Am 9. September 2024 fand unser neuestes KZF-Event statt, dieses Mal in einem praxisnahen Werkstatt-Format. Ziel war es, sich gemeinsam dem Kritik-Begriff anzunähern: Ist Zukunftsforschung nicht immer kritisch? Was bedeutet „kritisch“ überhaupt, und warum ist es wichtig? Diese Fragen standen im Mittelpunkt unserer Diskussion zum Thema Kritik.
„… Was für das kontinuierliche Wachstum des Wissens gebraucht wurde, war eine Tradition der Kritik. Vor der Aufklärung war das eine sehr seltene Tradition: Normalerweise war der Sinn einer Tradition, Dinge unverändert zu lassen.“ – D. Deutsch, The Beginning of Infinity, S. 13
Der Beitrag wurde von Jannis Hülsen im Pingpong mit Jonas Drechsel geschrieben.
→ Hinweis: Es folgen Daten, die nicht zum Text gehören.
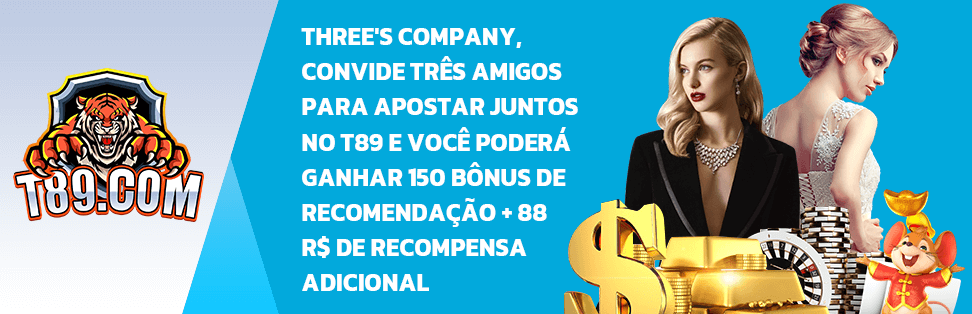 dicas de fazer alguma coisa para ganhar dinheiro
Vorbereitung der Kritik-Werkstatt
Die Kritik-Werkstatt war das Ergebnis monatelanger Arbeit eines Kernteams. Nele Fischer (kritische Zukunftsforscherin), Oliver Lauenstein (Experte für kritische Theorie und Psychologie), Jordi Tost (Doktorand für kritisches Design) und Jonas Drechsel (Mitgründer der KZF-Community) beschäftigten sich intensiv mit verschiedenen Konzepten der Kritik und ihrer Anwendung in der Zukunftsforschung.
Das Projekt begann im Mai mit der Idee, Kritikstufen zu entwickeln, ähnlich wie bei den Stufen der Partizipation. Dabei merkten wir aber schnell, dass Stufen der Kritik unerwünschte Hierarchien suggerieren könnten.
Das Ziel war, einen ersten Prototyp für ein Kritik-Framework zu entwickeln, das in der Werkstatt getestet werden sollte.
Die Kritik-Matrix und Breakout-Sessions
Der Workshop begann mit einem interaktiven Einstieg, bei dem Momente der Kritik und berühmte Kritiken auf einem Board festgehalten wurden. Dies führte sofort zu angeregten Diskussionen und prägte die weiteren Gespräche.
Nach der Vorstellung der Kritik-Matrix wurden Gruppen gebildet, um die Matrix anhand von Beispiel-Fragen zu testen.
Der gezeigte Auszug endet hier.